▸ PROMPT
The answer is the full set of records, given again exactly and without images.
### DATA SHOWN ###
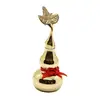 Statueta Feng Shui Wu Lou auriu cu frunza, mic - 8cm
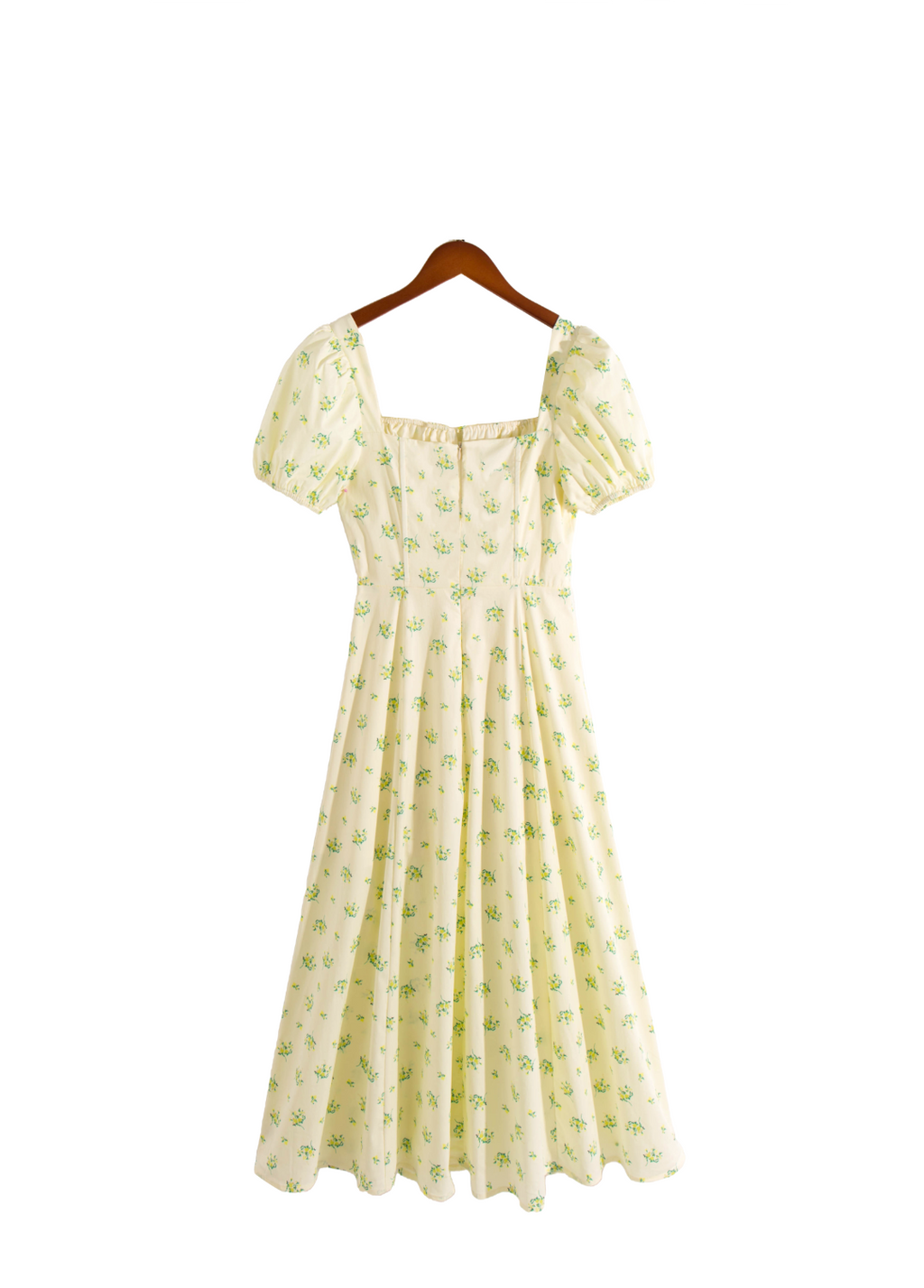 Spring Summer French Sweet Fresh Floral Dress for Women Slim Fit Slit Mid Length PullWind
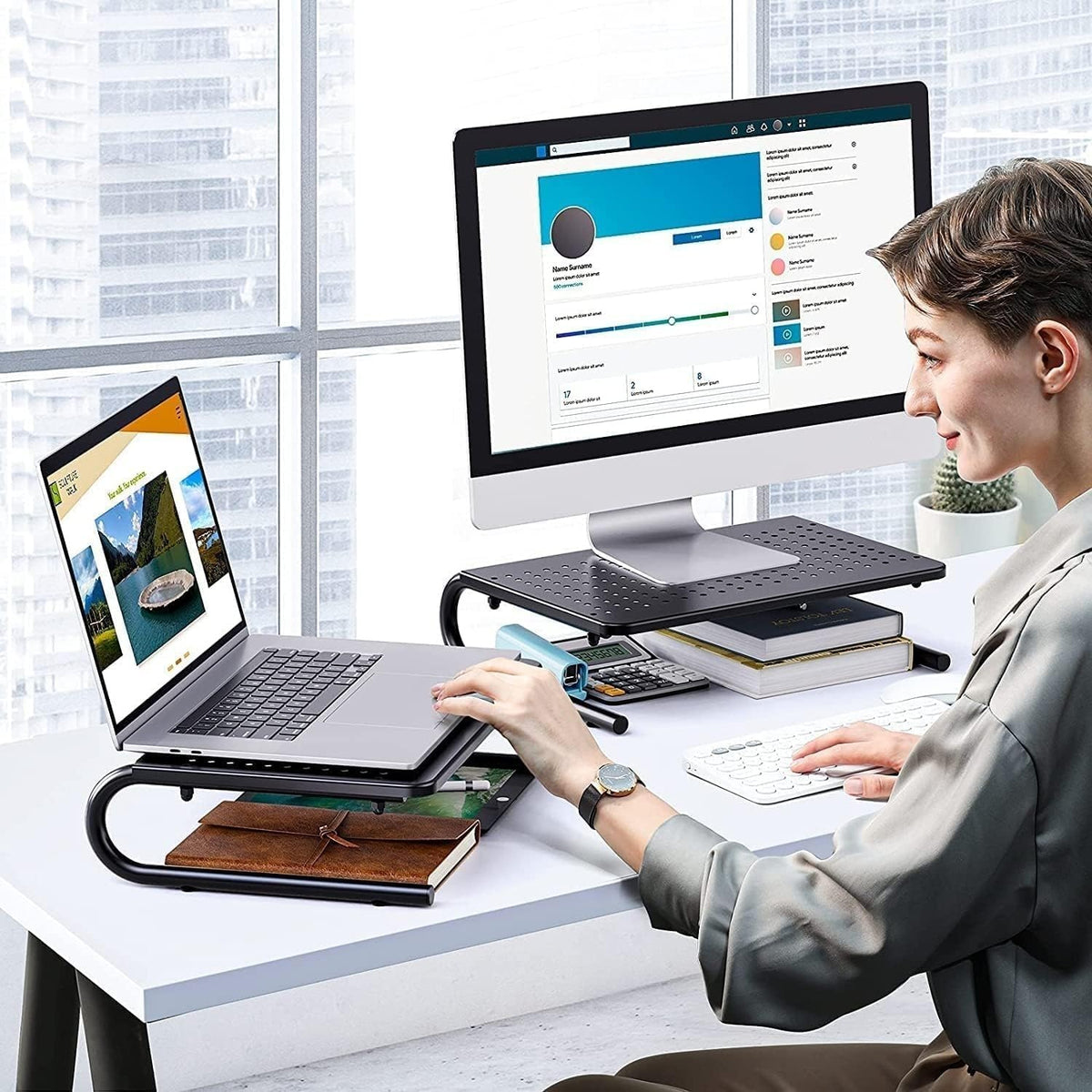 HUANUO Monitor Riser for Desk, Laptop Stand with Vented Steel Shelf, Black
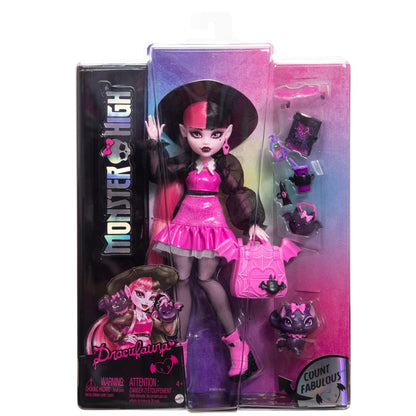 Monster High Draculaura Doll with Pet Bat-Cat Count Fabulous & Accessories Like Backpack, Spell Book, Bento Box & More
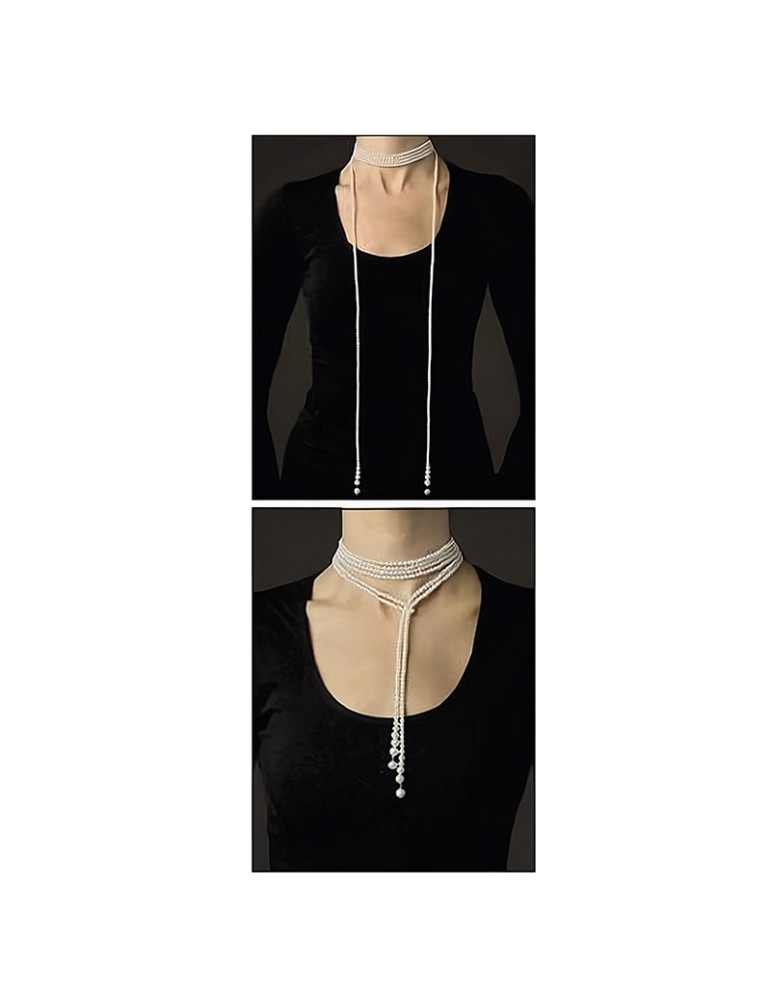 Collana Coscia - Crown con Perle Freshwater 5 - 9 mm Lunga - 0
###
▸ SOLUTION TO THIS EXERCISE
 Statueta Feng Shui Wu Lou auriu cu frunza, mic - 8cm
 Spring Summer French Sweet Fresh Floral Dress for Women Slim Fit Slit Mid Length PullWind
 HUANUO Monitor Riser for Desk, Laptop Stand with Vented Steel Shelf, Black
 Monster High Draculaura Doll with Pet Bat-Cat Count Fabulous & Accessories Like Backpack, Spell Book, Bento Box & More
 Collana Coscia - Crown con Perle Freshwater 5 - 9 mm Lunga - 0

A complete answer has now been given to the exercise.